All lines below starting at the one that holds "Valentino Hira Handtasche 25" and ending at the one that holds "Photo 1 of 32C" should be printed exactly, ends included. Pictures should not be printed, nor anything else.

# Source material
= = = = =
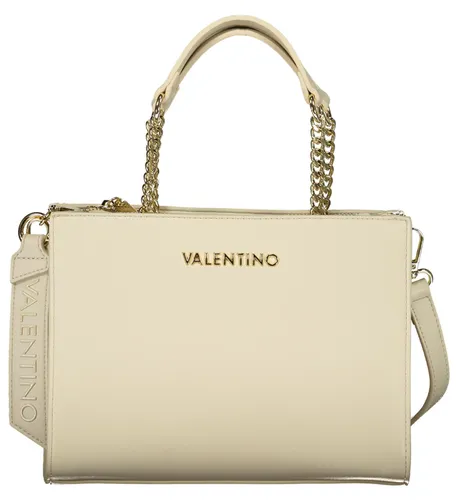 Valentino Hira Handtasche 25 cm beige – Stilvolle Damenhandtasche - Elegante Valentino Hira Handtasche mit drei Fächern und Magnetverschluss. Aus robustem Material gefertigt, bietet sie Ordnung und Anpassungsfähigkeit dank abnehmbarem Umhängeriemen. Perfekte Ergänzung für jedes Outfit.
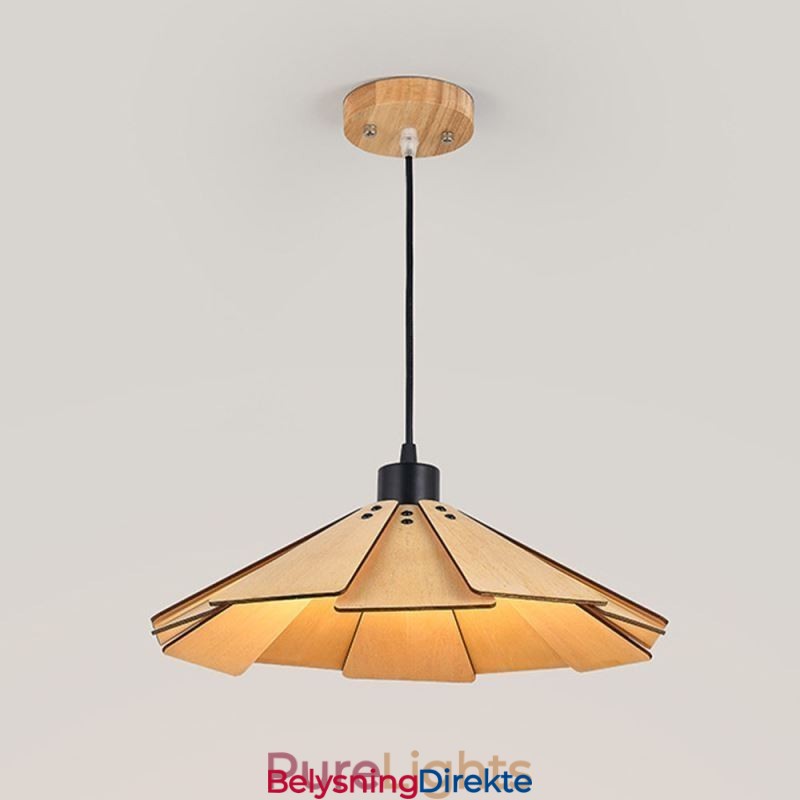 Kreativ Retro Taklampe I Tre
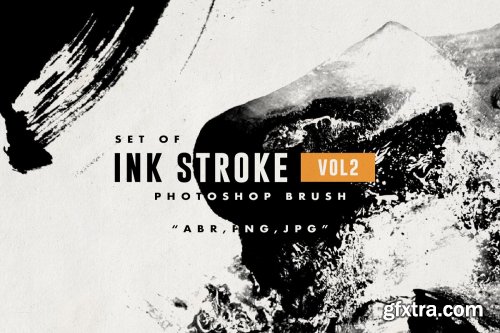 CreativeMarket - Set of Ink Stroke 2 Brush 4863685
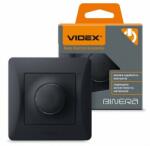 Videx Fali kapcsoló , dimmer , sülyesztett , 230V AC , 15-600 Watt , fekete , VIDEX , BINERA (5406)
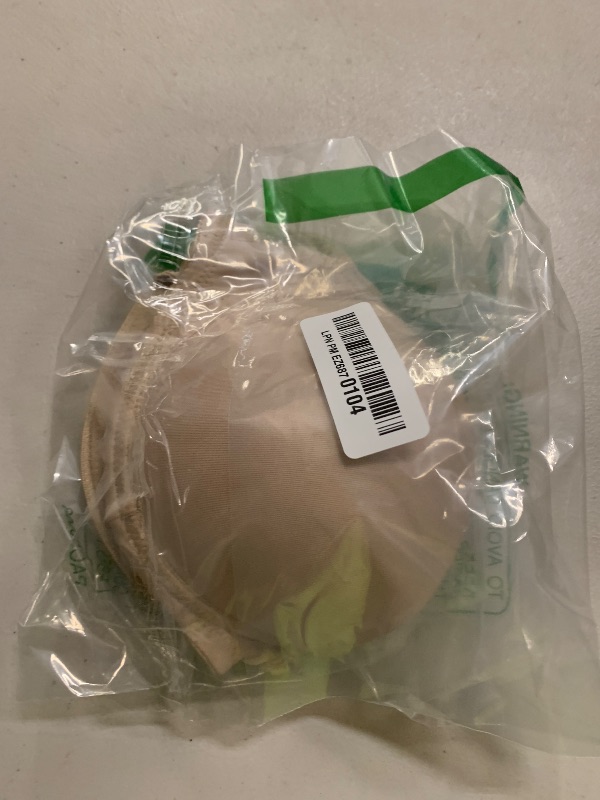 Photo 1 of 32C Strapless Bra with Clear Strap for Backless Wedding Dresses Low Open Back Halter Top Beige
= = = = =
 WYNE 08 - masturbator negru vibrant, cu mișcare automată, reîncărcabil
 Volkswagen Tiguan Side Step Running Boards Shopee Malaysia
= = = = =
# Solution to the exercise
 Valentino Hira Handtasche 25 cm beige – Stilvolle Damenhandtasche - Elegante Valentino Hira Handtasche mit drei Fächern und Magnetverschluss. Aus robustem Material gefertigt, bietet sie Ordnung und Anpassungsfähigkeit dank abnehmbarem Umhängeriemen. Perfekte Ergänzung für jedes Outfit.
 Kreativ Retro Taklampe I Tre
 CreativeMarket - Set of Ink Stroke 2 Brush 4863685
 Videx Fali kapcsoló , dimmer , sülyesztett , 230V AC , 15-600 Watt , fekete , VIDEX , BINERA (5406)
 Photo 1 of 32C Strapless Bra with Clear Strap for Backless Wedding Dresses Low Open Back Halter Top Beige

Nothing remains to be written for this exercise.